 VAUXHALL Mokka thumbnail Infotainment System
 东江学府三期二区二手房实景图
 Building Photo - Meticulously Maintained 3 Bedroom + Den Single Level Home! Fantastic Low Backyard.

WHAT THE TASK REQUIRES: Reprint exactly, and only, the lines running from the one containing "东江学府三期二区二手房实景图" through the last line of the listing above.

EXERCISE SOLUTION:
 东江学府三期二区二手房实景图
 Building Photo - Meticulously Maintained 3 Bedroom + Den Single Level Home! Fantastic Low Backyard.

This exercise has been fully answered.